> _REQUIRED ACTION_:
Your output should be exactly the lines from the one containing "五種分時模式下的漲停板買賣決策 3:開板型分時模式(圖解) 五種分時模式下的漲停板買賣決策" through the last line of the listing, and nothing else. Pictures stay out.

> _SUPPLIED DATA_:
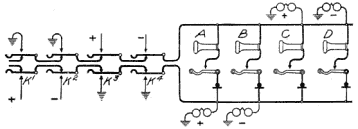 Illustration: Fig. 172. Four-Party Polarity Selection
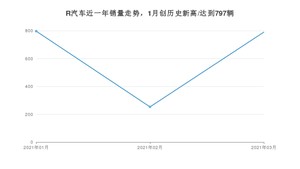 3月R汽车销量怎么样? 众车网权威发布(2021年)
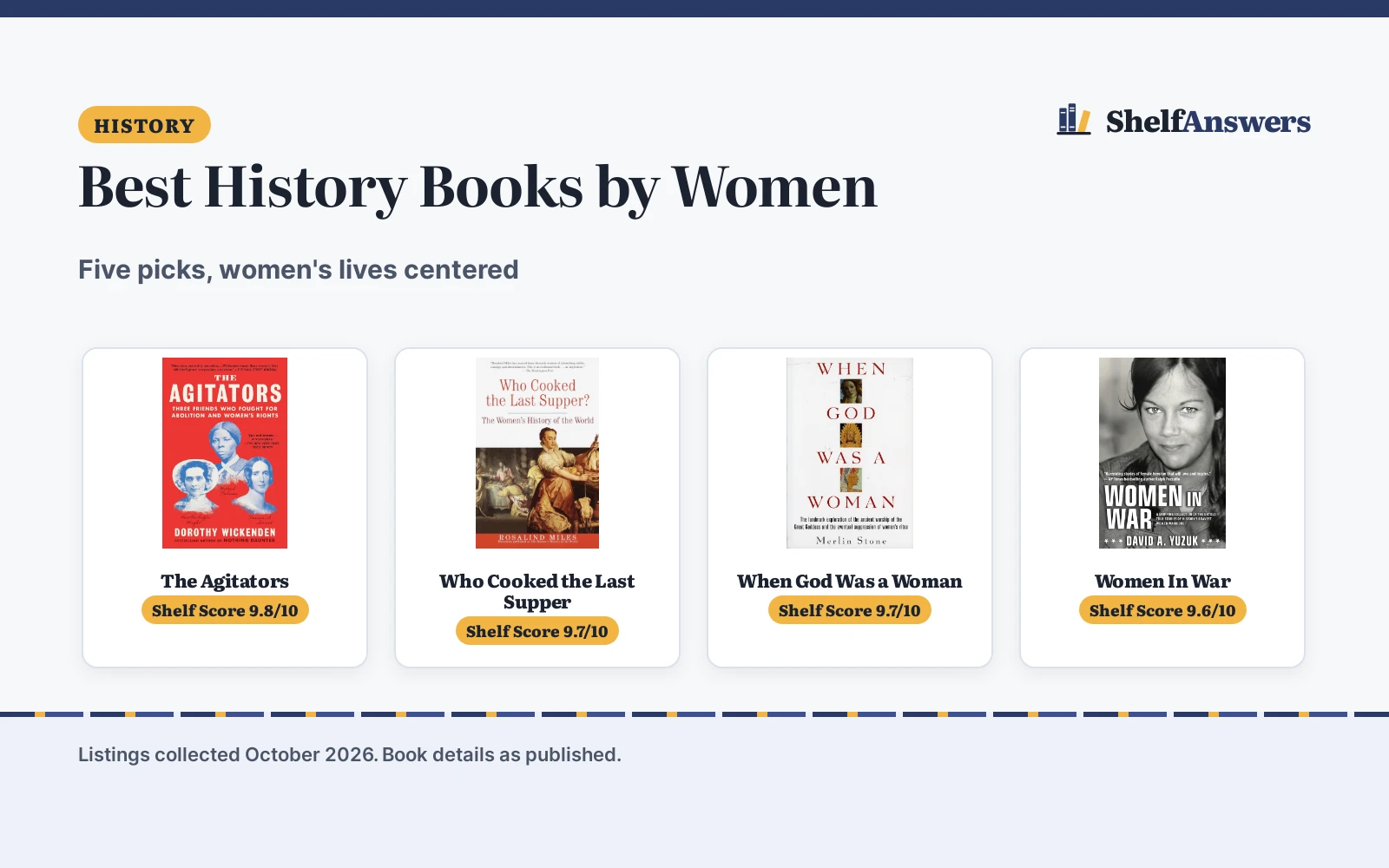 Best History Books by Women (2026): 5 Picks Compared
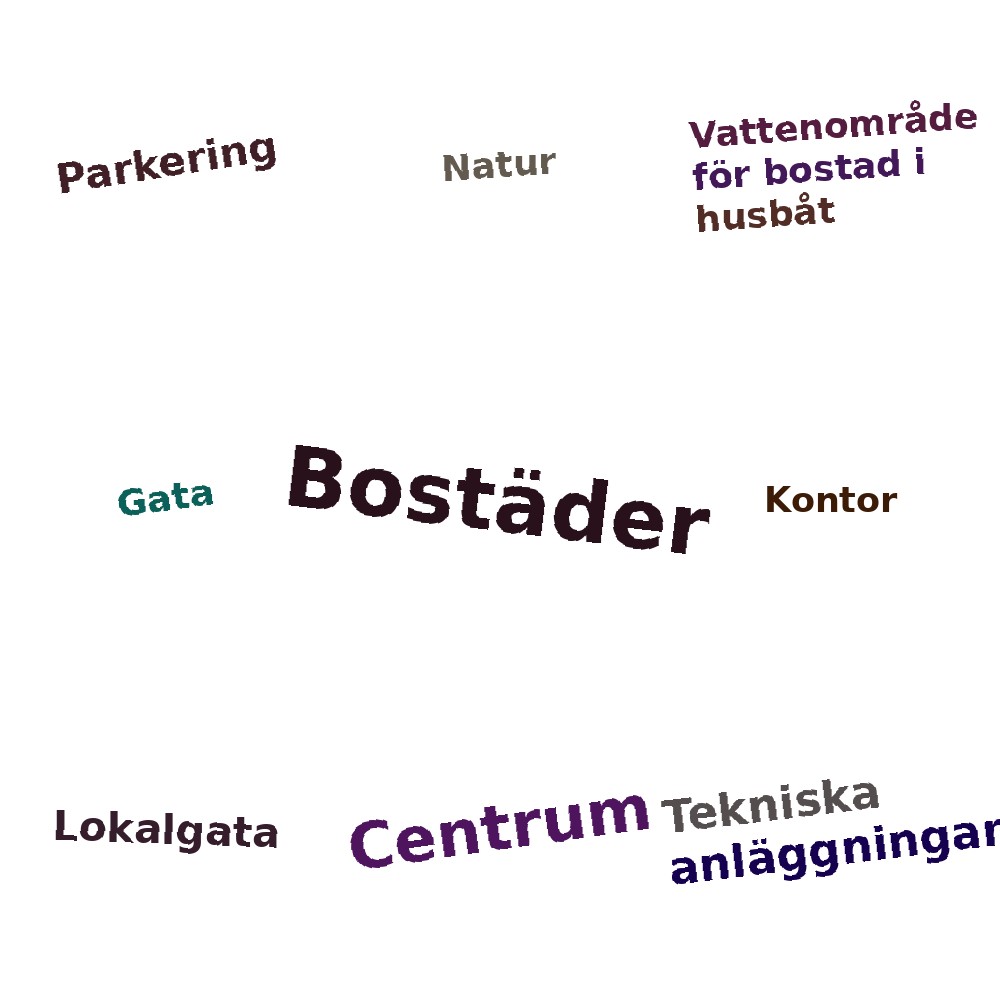 Ordmoln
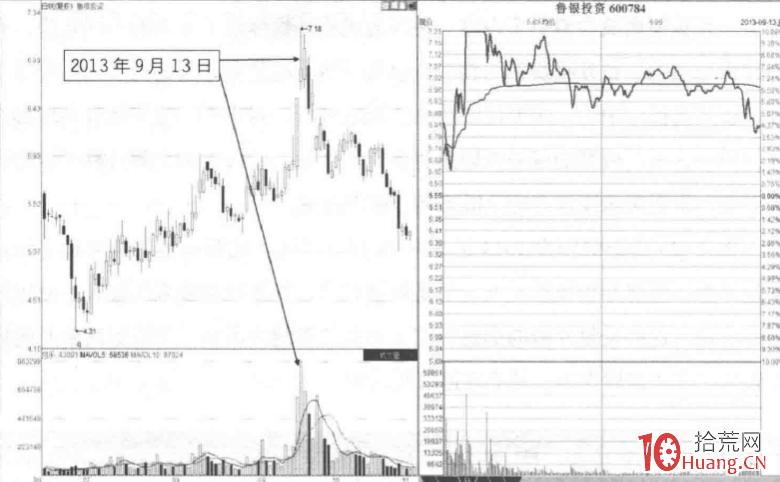五種分時模式下的漲停板買賣決策 3:開板型分時模式(圖解) 五種分時模式下的漲停板買賣決策 3:開板型分時模式(圖解),拾荒網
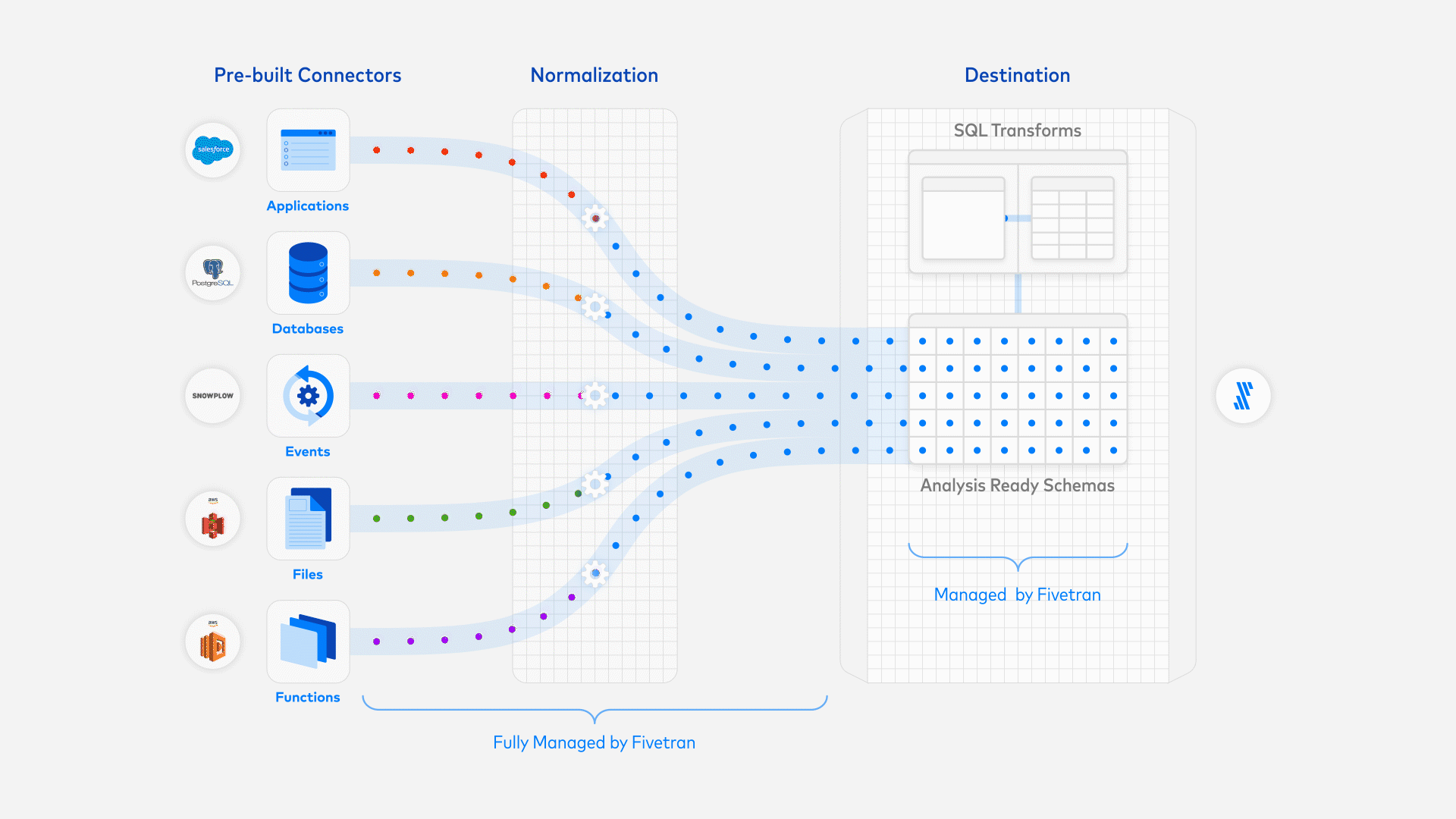 schematic-image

> _RESULT OF THIS TASK_:
五種分時模式下的漲停板買賣決策 3:開板型分時模式(圖解) 五種分時模式下的漲停板買賣決策 3:開板型分時模式(圖解),拾荒網
 schematic-image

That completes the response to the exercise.